Les premiers contacts de Rava Ray avec l’artisanat,  ”c’est à travers la danse”, lorsqu’elle doit confectionner ses costumes pour les spectacles. Elle a alors un peu plus de 8 ans et vient de s’installer à Moorea avec sa maman tahitienne après être née aux États-Unis d’un père américain et avoir passé le début de sa vie en France hexagonale. ”Je découvrais mes mains, j’apprenais ce qu’elles pouvaient faire avec la matière première prélevée dans la nature, le auti, les fleurs. Maman m’aidait à tresser. Je découvrais les aiguilles, le fil”, raconte Rava qui donnerait à n’importe qui envie de s’y mettre, tant elle dégage un charisme et un charme fous.

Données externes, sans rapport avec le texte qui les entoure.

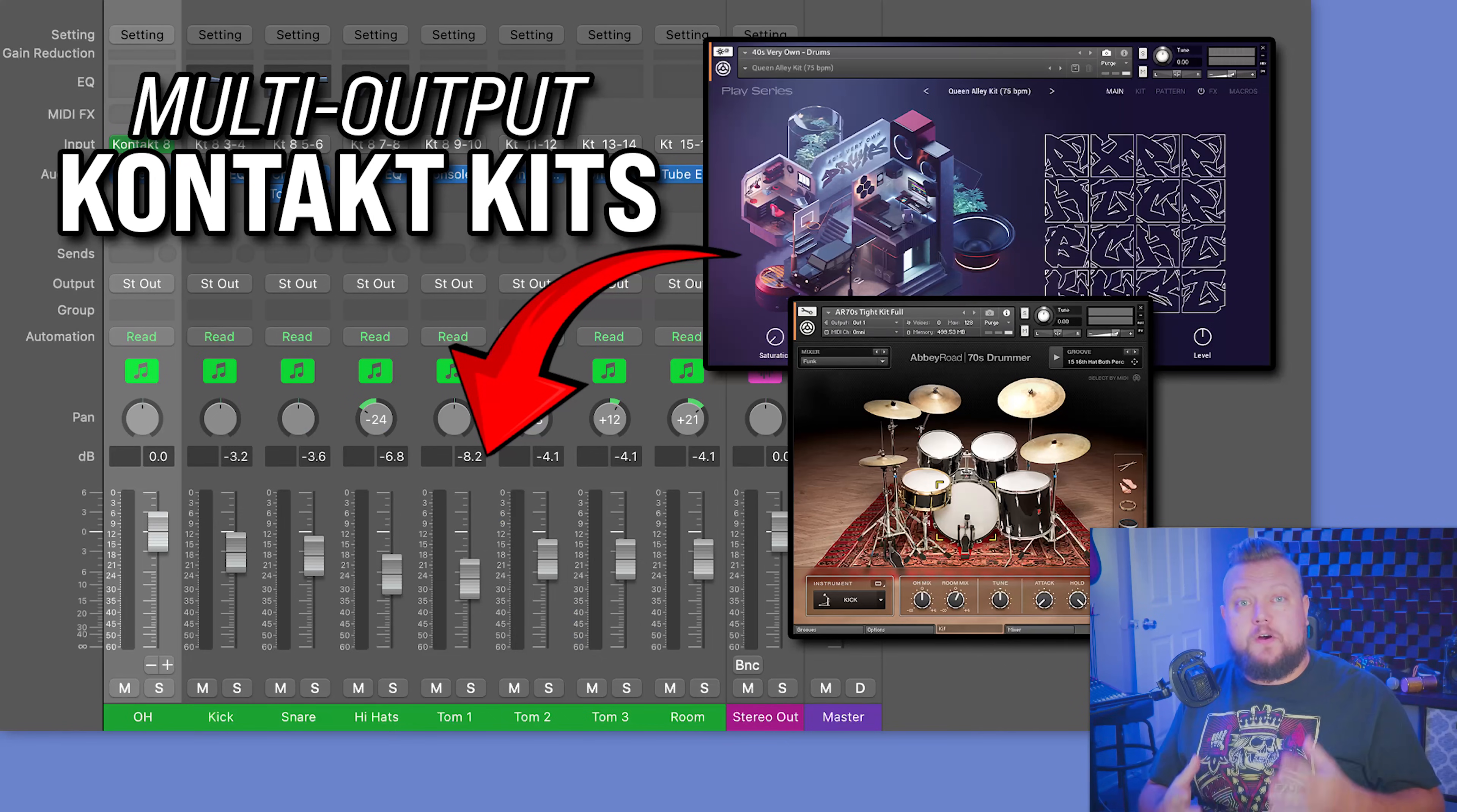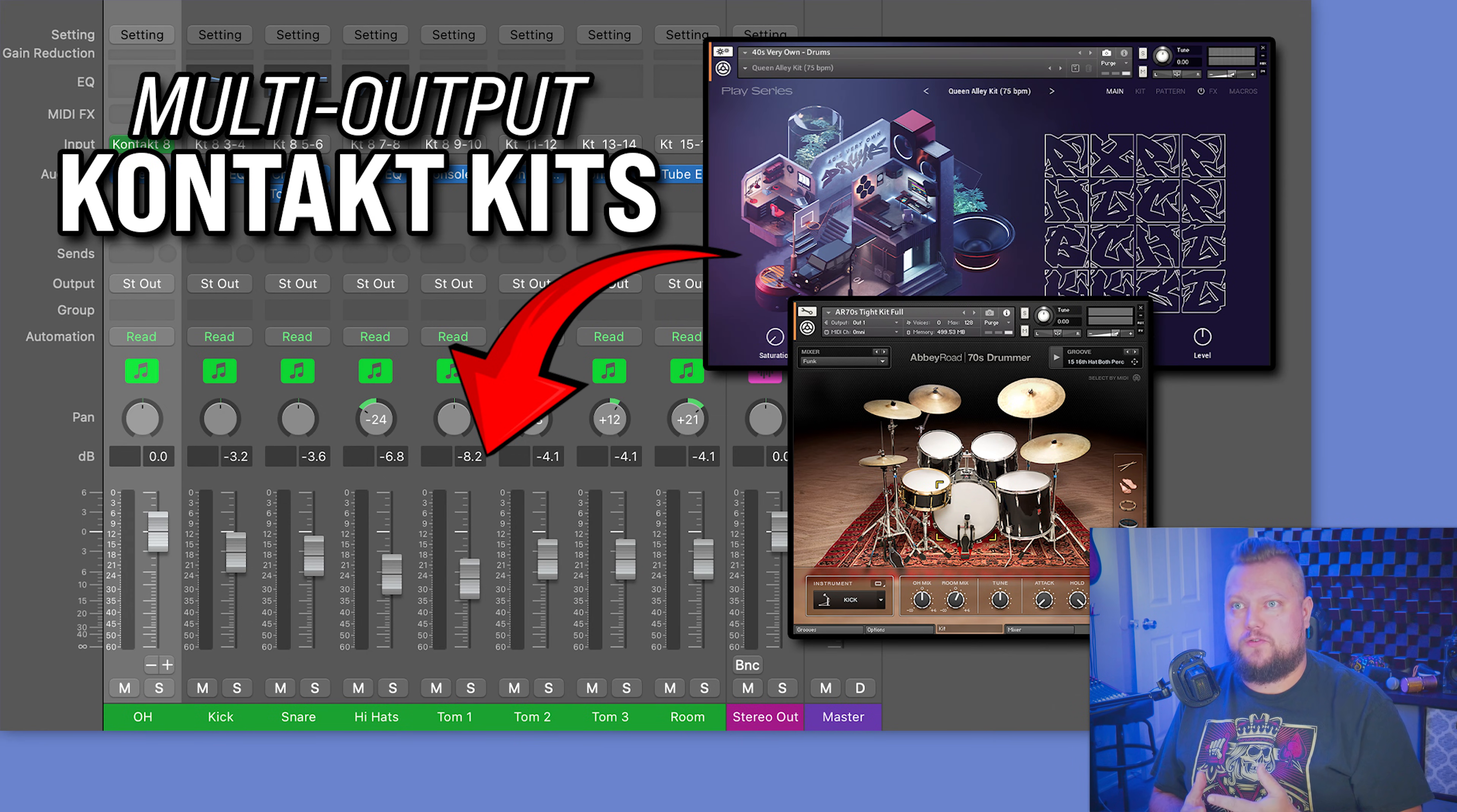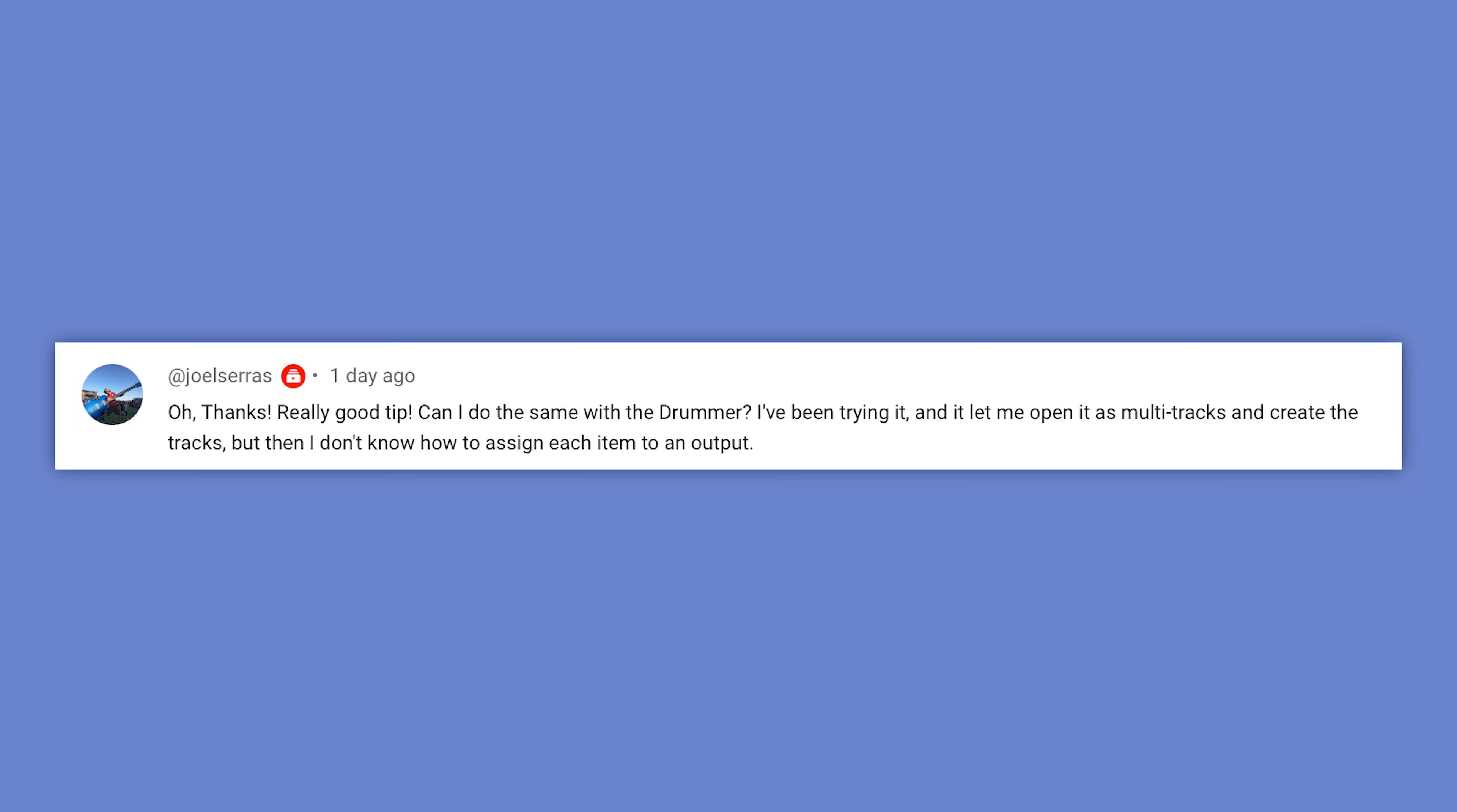So a couple of days ago I released a video on setting up Kontakt drum kits for multi-output, and by multi-output I mean the ability to individually mix each kit piece in the kit, so you can separate the kicks, the snares, the toms, the hi-hat, the overheads, and this gives you more mix control over your drum kits. So Joel here comments,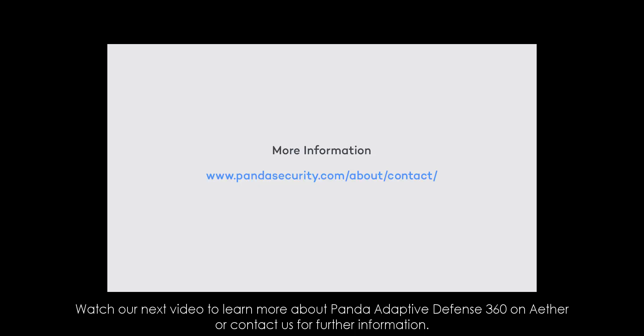Watch our next video to learn more about Panda Adaptive Defense 360 on Ether or contact us for further information.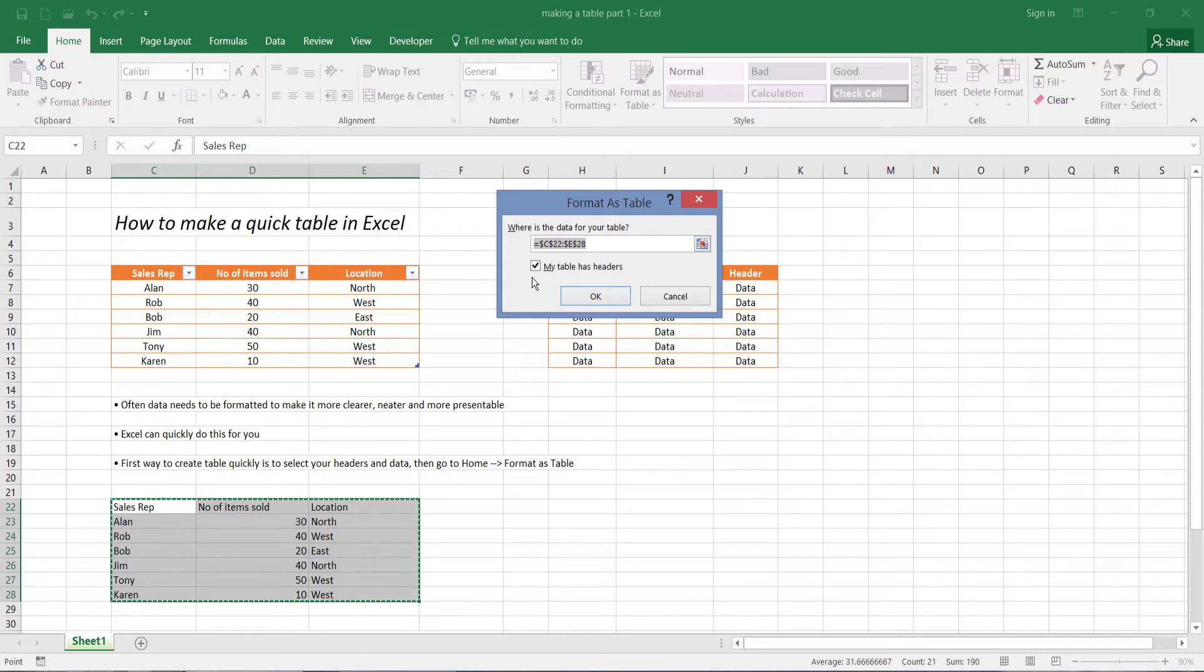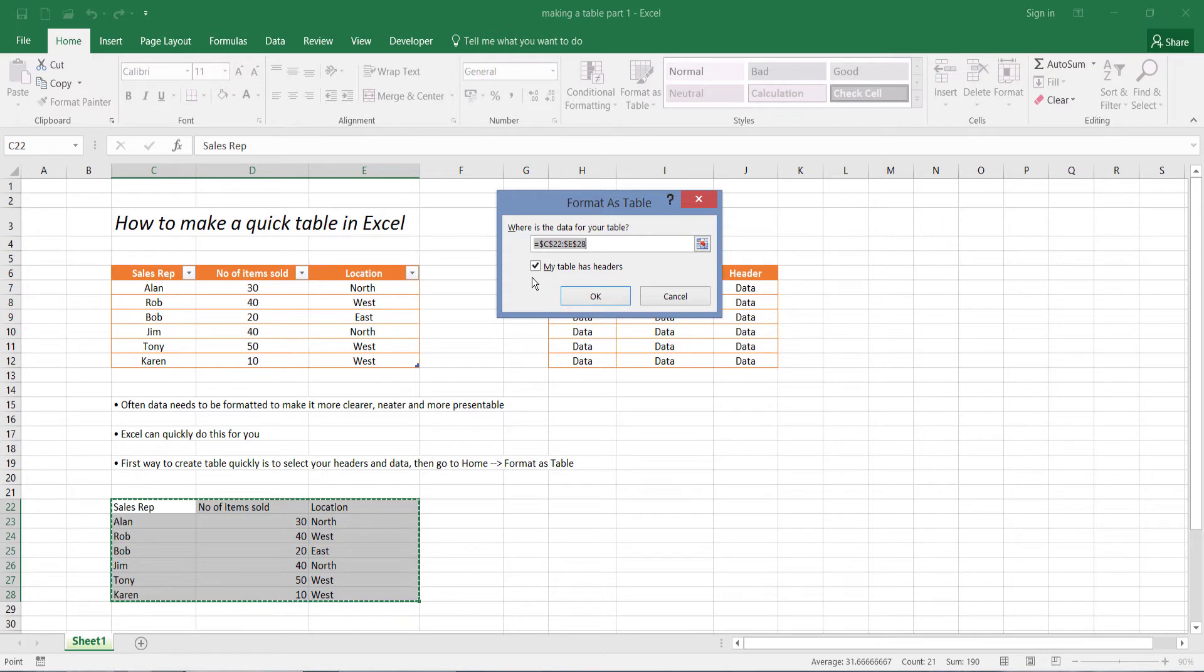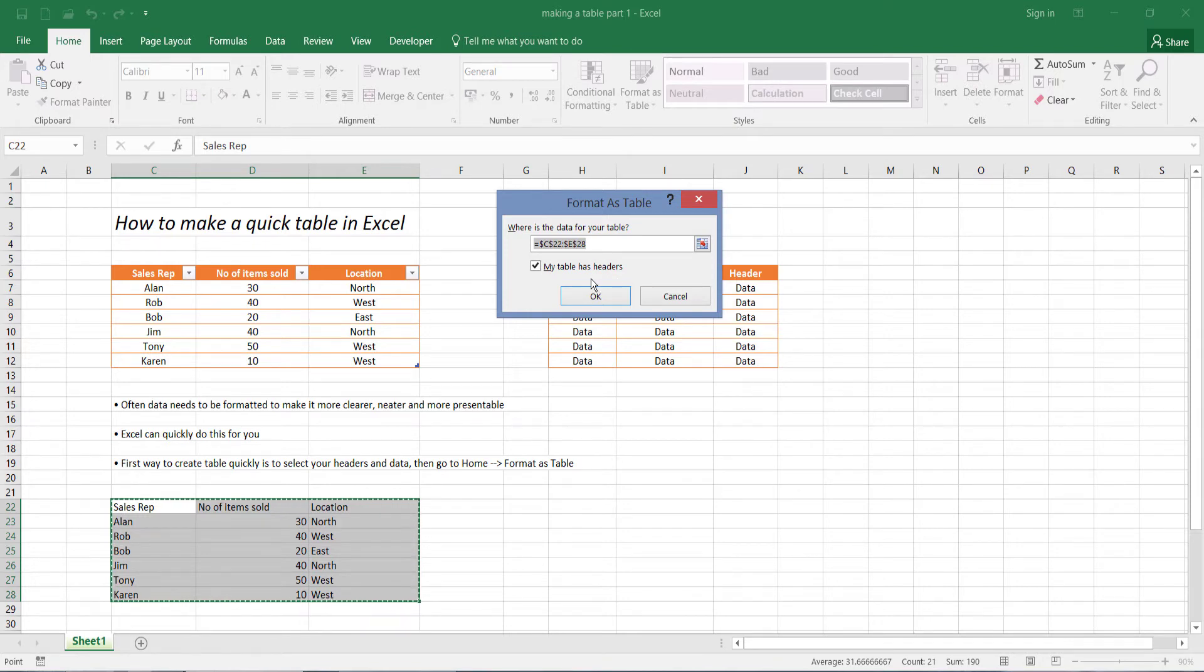Now some tables don't have headers. For example, if somebody's just typed out the data, they may have not typed out the headers. However, most people do type the headers in tables. So when you do select your data, make sure you always select the headers as well. You'll see that this option here is ticked by default: My table has headers. So we press okay.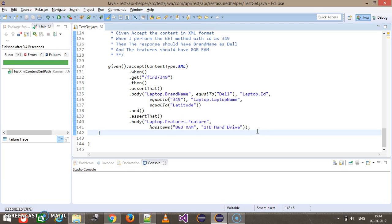Hello everyone! In this video we are going to discuss one more approach for validating the response content, that is with the use of XMLPath and the JSONPath class. These are the classes which provide methods to extract specific content from the response based on the path, as well as validate the response content. The JSONPath class is used when the response format is JSON, and the XMLPath class when the format is XML.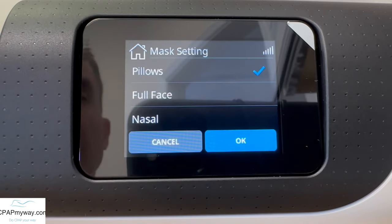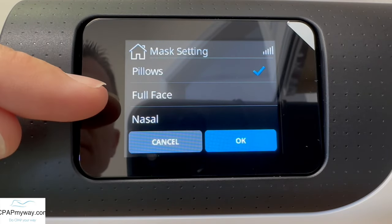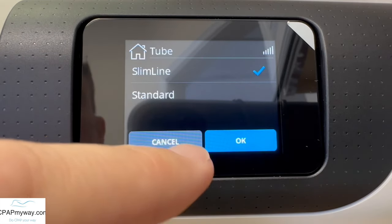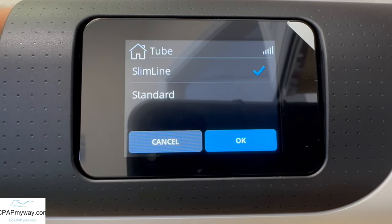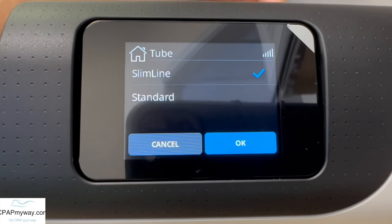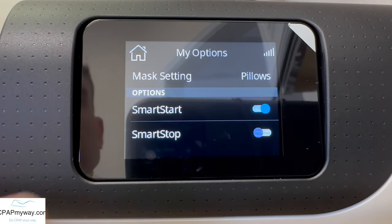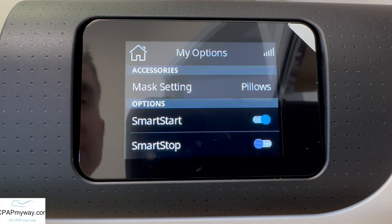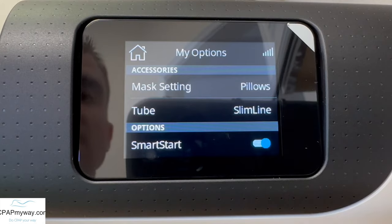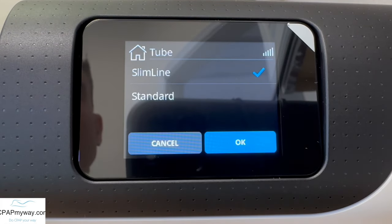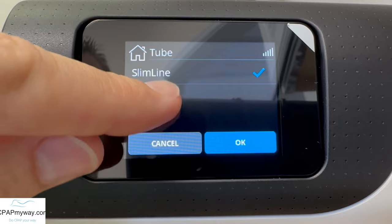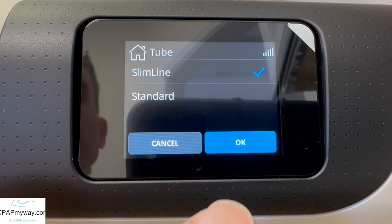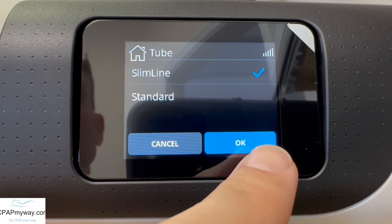Scrolling down, you'll see your mask setting. You've got three options: nasal, full face, and pillows. Whatever mask you're using, make sure you put that in there. Tube is going to be slimline unless you have the actual climate line tube attached. If your climate line tube is attached, that option goes away because it knows what tube is connected. When you have it disconnected, you can pick between slimline or standard. Standard would be a 22 millimeter tube; slimline is the 15 millimeter tube. Most people are getting a slimline as the standard option with the AirSense 11.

Et ça tombe bien parce que la jeune maître artisane de 33 ans est la marraine du 3e Salon des jeunes artisans créateurs qui s’ouvre mercredi 22 mars, au Hilton hôtel Tahiti. Elle aura pour mission – avec l’aide de trois autres parrains artisans, Tehina Manutahi (bijouterie traditionnelle), Iaera Tefaana (vannerie) et Heremoana Buchin (sculpture-gravure), et de deux autres membres du jury – de récompenser trois jeunes artisans exposants dont l’œuvre aura été évaluée en fonction de la technicité, du respect du thème, de l’originalité, du choix des motifs et des matières utilisées. Les visiteurs du salon seront aussi amenés à donner leur avis qui comptera pour 40 % de la note finale.

De Hawaii à Tahiti par amour

Si Rava Ray est devenue maître artisane depuis peu, son parcours pour y arriver n’a pas été un long fleuve tranquille. “À 11 ans, je pars vivre avec mon papa aux États-Unis (ses parents se sont séparés juste après sa naissance, NDLR) et je laisse de côté tout mon côté polynésien, donc le peu que j’avais touché de l’artisanat. Mon papa est très vieux jeu et pour lui, tout ce qui touche à l’art n’a pas beaucoup de valeur. J’ai alors entrepris des études d’économie pour lui, mais je lui ai demandé de les suivre à Hawaii pour retrouver la Polynésie. À cette époque, je confectionnais des bijoux que je portais lorsque je dansais dans les hôtels ou sur les paquebots. Des touristes ont commencé à vouloir m’acheter mes créations. Ça me donnait une validation.”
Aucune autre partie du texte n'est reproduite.